The RCMP established the ERT in 1977 in 31 centres throughout Canada. The creation of the ERT was modelled after the RCMP's Hostage Assault and Rescue Program. Because of the problem in geography, which prevents the RCMP from pooling their resources to respond to a Canada-wide incident, the Canadian government initially mandated the creation of the Special Emergency Response Team or SERT on January 22, 1986. 51 officers were trained for SERT duties as the unit would operate in circumstances where local police forces do not have enough resources to resolve the incident. The SERT was eventually disbanded in 1993 as they were not suited for quasi-military operations with problems on whether lethal force is necessary or not, given its RCMP status.

The Marine Security Emergency Response Teams were created as a part of the ERT in 2006 with initial training in the waters of British Columbia as a key component of the Critical Incident Program to ensure ERT operators are fully prepared to respond to calls when a situation develops in the marine environment. MSERT teams were involved in protecting participants and the public during the 2010 Winter Games in Vancouver, BC.

In 2009, the RCMP announced that the Nunavut RCMP branch will set a permanent ERT unit.

The ERT received armoured vehicles from the RCMP as a means of bolstering their effectiveness in the field. Surplus AVGP Cougars were handed to the ERTs in 2010 as a means of transporting ERT operators in situations where firearms were known to be involved. These vehicles are used without any turrets or other offensive weapons as they were removed prior to ERT adoption since they are used for transportation purposes only. They were first used by RCMP ERT teams to bust a drug grow op in Chilliwack, BC.

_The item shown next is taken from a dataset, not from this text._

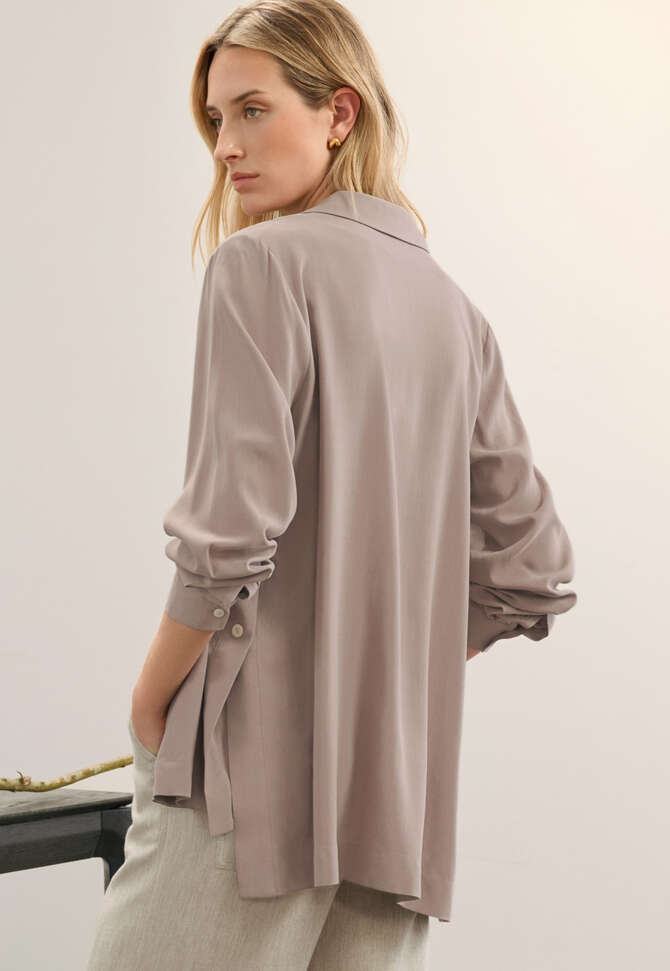 Revere-style collar shirt, Mink taupe, completeTheLook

In 2012, the RCMP and Navistar Defense Canada Inc. worked together to create their own armoured vehicles for the ERTs when RCMP Assistant Commissioner Russ Mirasty, commanding officer of the RCMP’s for F division in Saskatchewan, unveiled them to the public. Known as the Tactical Armored Vehicle, these were made at the cost of US$14,019,826 with a working lifespan of 15 years. 18 TAVs were delivered to various ERTs throughout Canada as their main support vehicle when on call.

==Qualifications==
Prospective male and female ERT operator candidates are required to have two years of operational experience in the RCMP, as well as to score a total of 225 or more at their PPC qualifications. ERT operator candidates are also required to attend to psychological evaluations to weed out candidates who have problems working in environments that involve confined spaces, height or water.

Candidates are allowed into ERT operational service once they complete an eight-week ERT course in Ottawa, which consists of theoretical, firearms and tactical training.

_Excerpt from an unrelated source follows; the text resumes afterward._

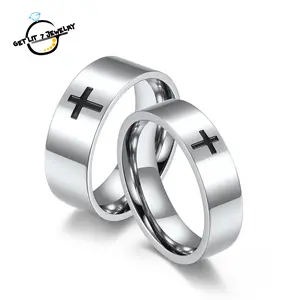 Simple Cross Titanium Steel Ring, Fashionable & Versatile Couple's Matching Rings, Anniversary Gift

ERT operators are required to do training when not on duty, which consist of daily training for full-time ERT operators and a minimum of four days a month for part-time ERT operators.

==Training==

RCMP MSERT operators detain individuals in a simulated illegal migrant vessel in a training exercise as a part of Exercise Frontier Sentinel 2012 in Sydney, Nova Scotia.

Before the timed obstacle was implemented on April 1, 2009, ERT operator candidates are required to pass a physical training exam that consists of a 1.5 mile run in under 11 minutes, 40 consecutive and uninterrupted pushups, 40 sit-ups in one minute, 5 wide-grip pull-ups and bench press with a weight of 135 pounds.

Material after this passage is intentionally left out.